Leela called up the stairs. “It is here, Doctor. I did it. The beast is finished!”
She looked down at the shattered body of her foe.
“Your triumph will be short-lived, Earthling,” whispered the Rutan. “Soon our Mother Ship will blast this island to molten rock.”
“Empty threats, Rutan. Enjoy your death, as I enjoyed killing you!”
The Rutan quivered and pulsed weakly. “We die for the glory of our race. Long live the Rutan Empire.”
The glow faded and died, and the Rutan died with it.
With a savage grin of triumph, Leela turned and went back to the lamp room.
The Doctor had rigged together one of his amazing contraptions, taking apart the reflector lamp and the giant telescope and re-assembling them in an entirely different order. As far as Leela could make out, the power of the carbon-arc lamp would be reflected through the telescope and finally focused through Palmerdale’s diamond, which the Doctor was now fitting somewhere inside the telescope.
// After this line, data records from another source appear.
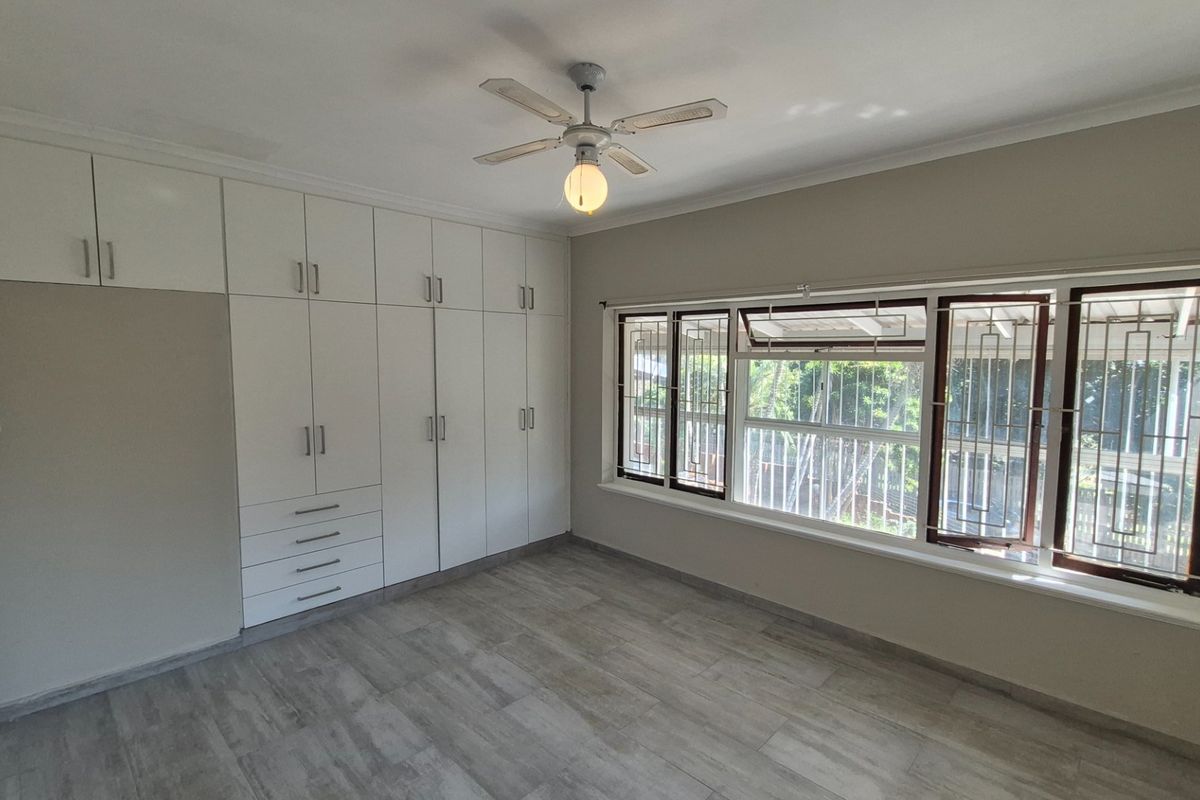 Spacious bedroom featuring extensive built-in cabinetry, modern tiled flooring, a ceiling fan, and large windows fitted with security bars.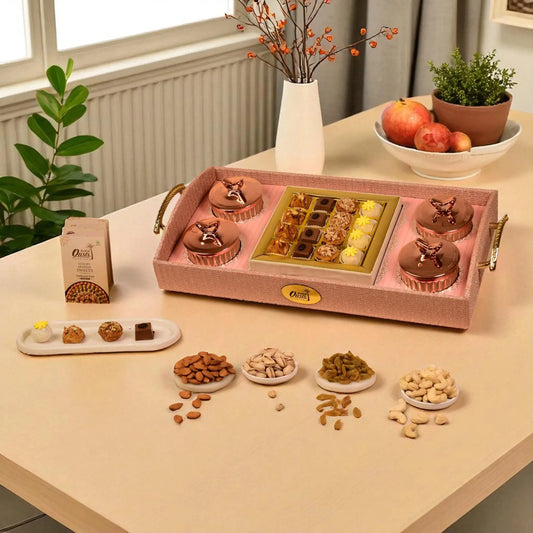 Decorative tray with confectionery and nuts on a table with plants and apples in the background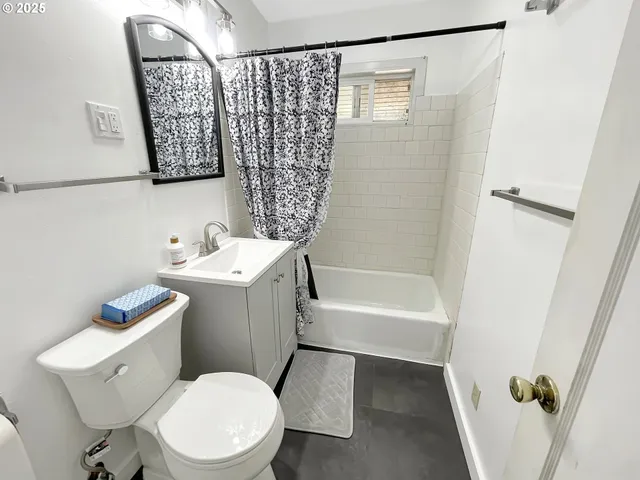 a white toilet sitting next to a bathroom sink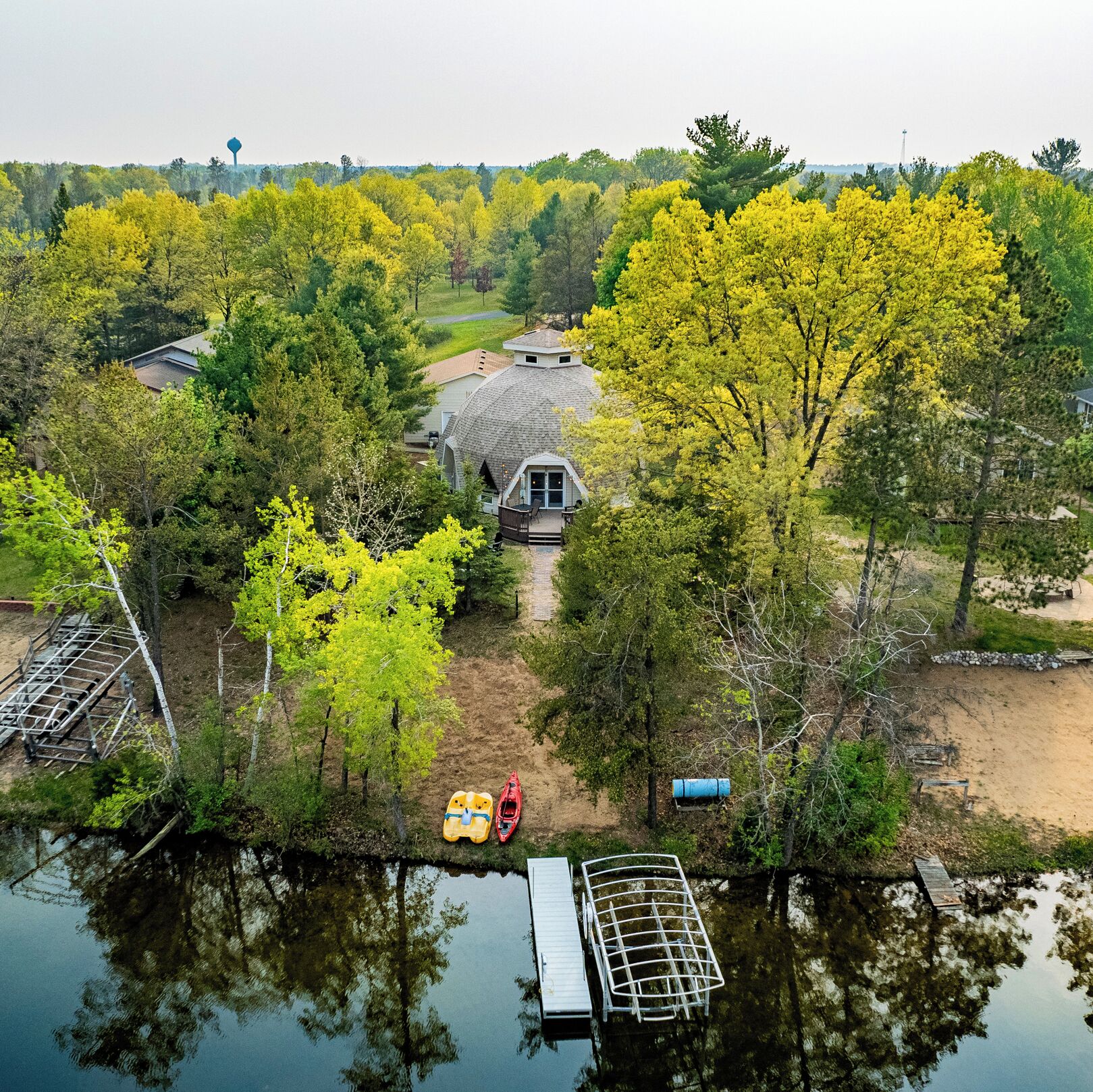 A house surrounded by trees and a body of water.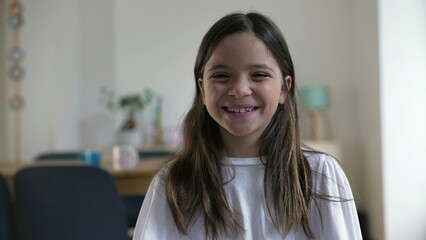 Joyful 8-Year-Old Girl Laughing at Camera, Close-Up Face in Living Room. Happy person, child's real...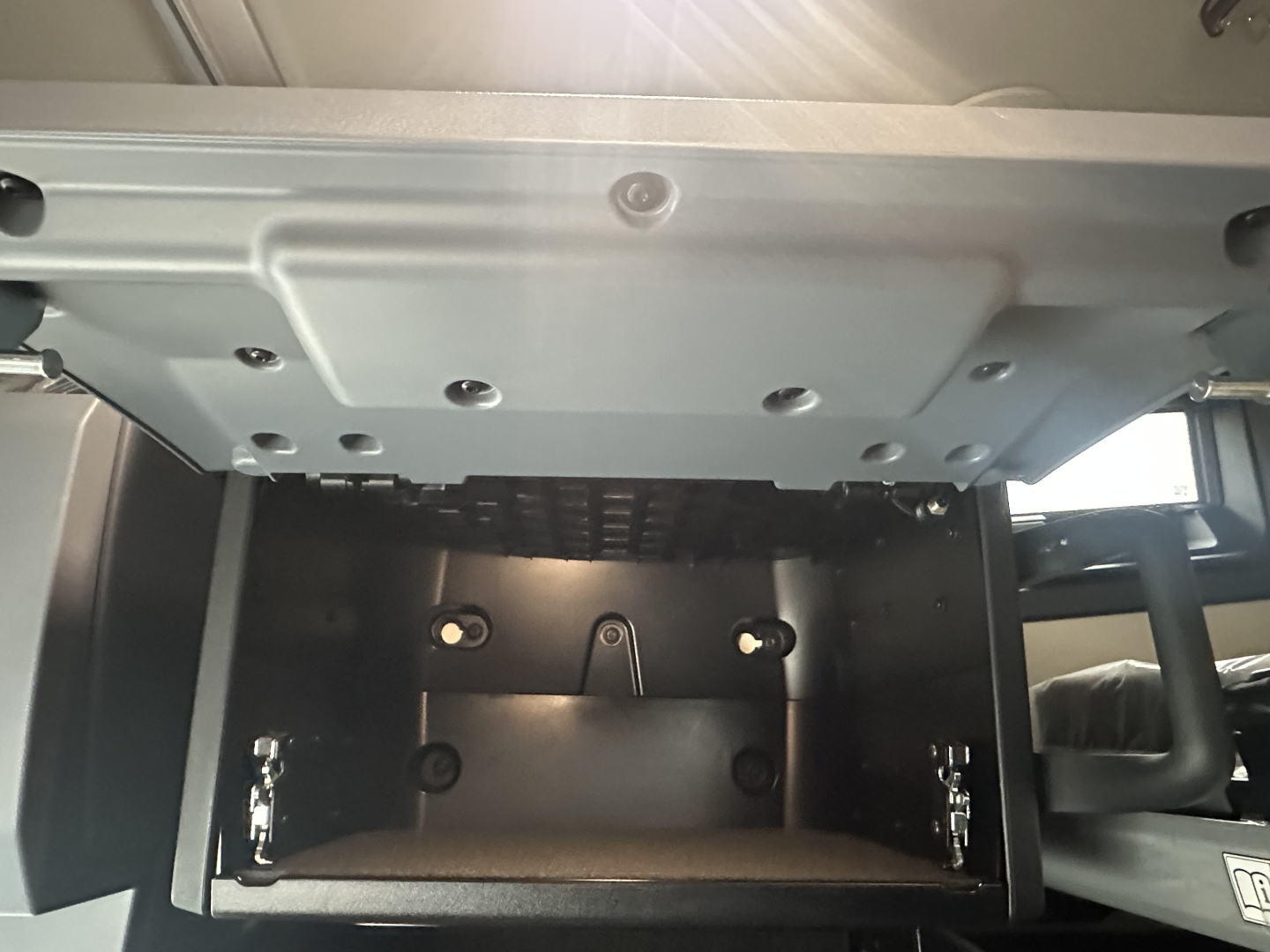 Truck cab interior dash area showing under-bunk storage compartment with black metal interior and latches.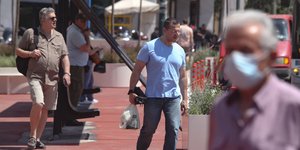 πολιτες περπατουν στην κοκκινη λωριδα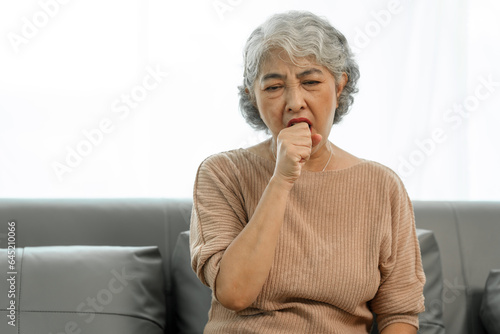 Elderly asian woman sitting on the couch, Cough, sore throat.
He made a careful, final adjustment and looked up.
“They are hard to kill, these Rutans,” said Leela.
“Been celebrating, have you?”
“Of course. It is fitting to celebrate the death of an enemy.”
“Not in my opinion, but we haven’t time to discuss morality.”
from Terrance Dicks’ novelization
of his Doctor Who script
“Doctor Who and the Horror of Fang Rock”
So Leela had time to spend a moment chatting with the monster she just had mortally wounded and the dying Rutan had time for a bit of philosophy before passing away. But the Doctor, however, couldn’t take any time to discuss morality.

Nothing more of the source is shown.